WORK TASK: A word-for-word restatement of the full listing is required.

---+---

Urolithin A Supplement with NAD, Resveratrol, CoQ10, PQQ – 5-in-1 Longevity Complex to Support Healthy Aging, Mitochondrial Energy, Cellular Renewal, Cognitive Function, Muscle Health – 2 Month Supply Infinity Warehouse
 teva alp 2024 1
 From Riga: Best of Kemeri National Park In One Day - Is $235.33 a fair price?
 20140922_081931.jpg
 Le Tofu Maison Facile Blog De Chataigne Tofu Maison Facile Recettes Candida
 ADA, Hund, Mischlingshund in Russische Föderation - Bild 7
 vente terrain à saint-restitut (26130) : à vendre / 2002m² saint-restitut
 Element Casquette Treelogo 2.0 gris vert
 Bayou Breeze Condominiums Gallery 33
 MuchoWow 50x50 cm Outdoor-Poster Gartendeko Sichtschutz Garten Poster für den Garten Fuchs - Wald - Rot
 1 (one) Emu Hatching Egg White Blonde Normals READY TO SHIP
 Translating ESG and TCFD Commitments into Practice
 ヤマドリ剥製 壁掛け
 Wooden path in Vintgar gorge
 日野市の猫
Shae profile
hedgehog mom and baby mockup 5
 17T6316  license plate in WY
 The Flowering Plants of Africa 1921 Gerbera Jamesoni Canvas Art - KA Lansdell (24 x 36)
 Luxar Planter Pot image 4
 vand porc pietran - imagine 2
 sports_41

---+---

ANSWER SECTION:
Urolithin A Supplement with NAD, Resveratrol, CoQ10, PQQ – 5-in-1 Longevity Complex to Support Healthy Aging, Mitochondrial Energy, Cellular Renewal, Cognitive Function, Muscle Health – 2 Month Supply Infinity Warehouse
 teva alp 2024 1
 From Riga: Best of Kemeri National Park In One Day - Is $235.33 a fair price?
 20140922_081931.jpg
 Le Tofu Maison Facile Blog De Chataigne Tofu Maison Facile Recettes Candida
 ADA, Hund, Mischlingshund in Russische Föderation - Bild 7
 vente terrain à saint-restitut (26130) : à vendre / 2002m² saint-restitut
 Element Casquette Treelogo 2.0 gris vert
 Bayou Breeze Condominiums Gallery 33
 MuchoWow 50x50 cm Outdoor-Poster Gartendeko Sichtschutz Garten Poster für den Garten Fuchs - Wald - Rot
 1 (one) Emu Hatching Egg White Blonde Normals READY TO SHIP
 Translating ESG and TCFD Commitments into Practice
 ヤマドリ剥製 壁掛け
 Wooden path in Vintgar gorge
 日野市の猫
Shae profile
hedgehog mom and baby mockup 5
 17T6316  license plate in WY
 The Flowering Plants of Africa 1921 Gerbera Jamesoni Canvas Art - KA Lansdell (24 x 36)
 Luxar Planter Pot image 4
 vand porc pietran - imagine 2
 sports_41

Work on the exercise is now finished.